Plasmodium forresteri

Scientific classification
- Domain: Eukaryota
- Clade: Sar
- Clade: Alveolata
- Phylum: Apicomplexa
- Class: Aconoidasida
- Order: Haemospororida
- Family: Plasmodiidae
- Genus: Plasmodium
- Species: P. forresteri
- Binomial name: Plasmodium forresteri Telford, 1979

= Plasmodium forresteri =

- Authority: Telford, 1979

Species of single-celled organism

Plasmodium forresteri is a parasite of the genus Plasmodium.

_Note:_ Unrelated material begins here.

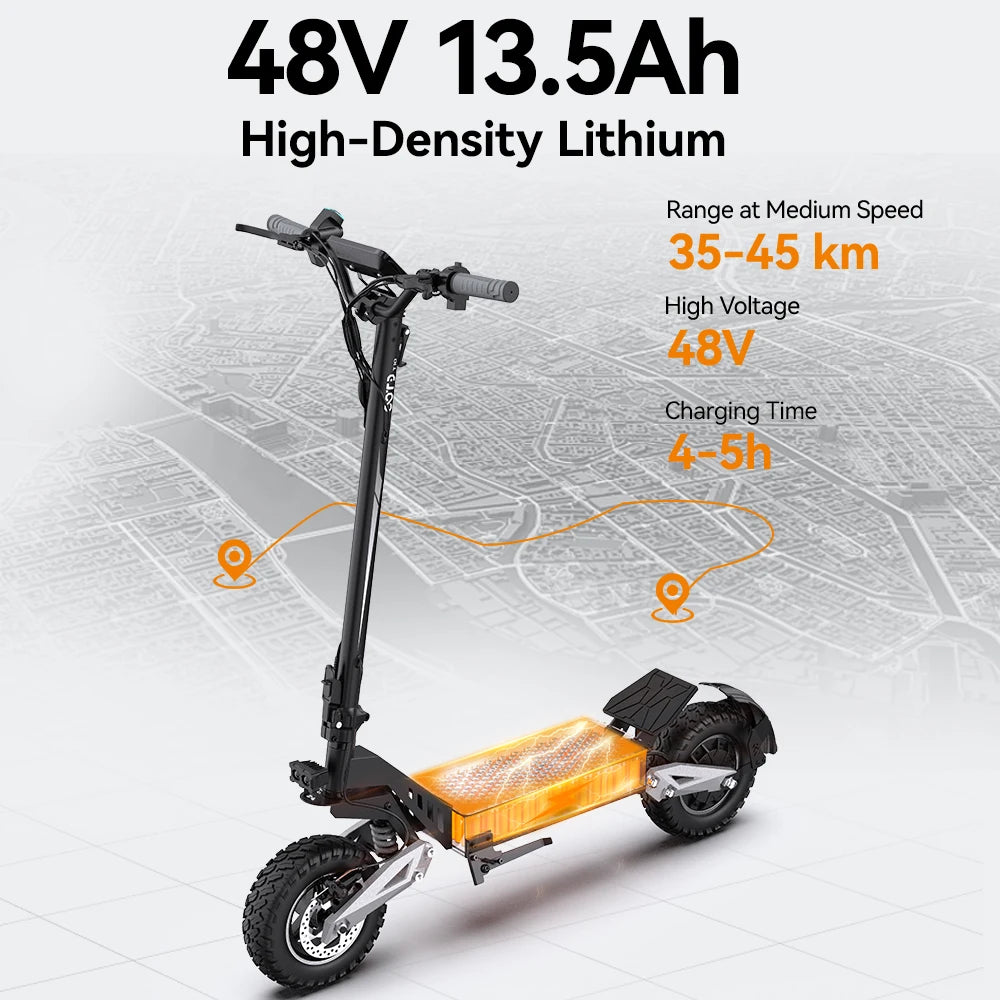 OOTD T10 Electric Scooter 900W Peak Power 31mph Foldable Pro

Like all Plasmodium species P. forresteri has both vertebrate and insect hosts. The vertebrate hosts for this parasite are birds.

==Description==
The parasite was first described by Telford et al. in 1979.

==Geographical occurrence==
This organism is found in Florida and southern Georgia, United States.

==Clinical features and host pathology==
This organism naturally infects the following species:
- Eastern screech-owls (Otus asio)
- Great horned owls (Bubo virginianus)
- Barred owls (Strix varia)
- Bald eagles (Haliaeetus leucocephalus)
- Red-shouldered hawks (Buteo lineatus)
- Broad-winged hawks (Buteo platypterus)
- Red-tailed hawks (Buteo jamaicensis)

Experimental infections have been established in the following species:
- Japanese quail (Coturnix japonica)
- Pekin ducks (Anas platyrhynchos)

The only currently known mosquito vector is Culex restuans.